**SUPPLIED DATA:**
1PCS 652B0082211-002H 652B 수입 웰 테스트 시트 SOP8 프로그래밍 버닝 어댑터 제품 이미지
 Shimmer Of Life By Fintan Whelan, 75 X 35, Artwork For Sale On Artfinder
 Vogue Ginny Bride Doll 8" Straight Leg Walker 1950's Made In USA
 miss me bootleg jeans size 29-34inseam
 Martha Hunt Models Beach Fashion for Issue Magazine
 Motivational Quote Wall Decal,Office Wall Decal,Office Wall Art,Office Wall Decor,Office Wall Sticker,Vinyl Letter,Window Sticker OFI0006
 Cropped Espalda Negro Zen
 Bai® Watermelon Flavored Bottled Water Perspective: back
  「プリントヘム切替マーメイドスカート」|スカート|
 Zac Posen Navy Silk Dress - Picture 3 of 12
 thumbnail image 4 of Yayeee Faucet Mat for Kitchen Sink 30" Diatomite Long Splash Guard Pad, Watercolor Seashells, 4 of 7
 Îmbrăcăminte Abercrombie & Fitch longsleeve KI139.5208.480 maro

**PROBLEM REQUIREMENTS:**
Once the records have been read, print them all again exactly.

**TASK RESPONSE:**
1PCS 652B0082211-002H 652B 수입 웰 테스트 시트 SOP8 프로그래밍 버닝 어댑터 제품 이미지
 Shimmer Of Life By Fintan Whelan, 75 X 35, Artwork For Sale On Artfinder
 Vogue Ginny Bride Doll 8" Straight Leg Walker 1950's Made In USA
 miss me bootleg jeans size 29-34inseam
 Martha Hunt Models Beach Fashion for Issue Magazine
 Motivational Quote Wall Decal,Office Wall Decal,Office Wall Art,Office Wall Decor,Office Wall Sticker,Vinyl Letter,Window Sticker OFI0006
 Cropped Espalda Negro Zen
 Bai® Watermelon Flavored Bottled Water Perspective: back
  「プリントヘム切替マーメイドスカート」|スカート|
 Zac Posen Navy Silk Dress - Picture 3 of 12
 thumbnail image 4 of Yayeee Faucet Mat for Kitchen Sink 30" Diatomite Long Splash Guard Pad, Watercolor Seashells, 4 of 7
 Îmbrăcăminte Abercrombie & Fitch longsleeve KI139.5208.480 maro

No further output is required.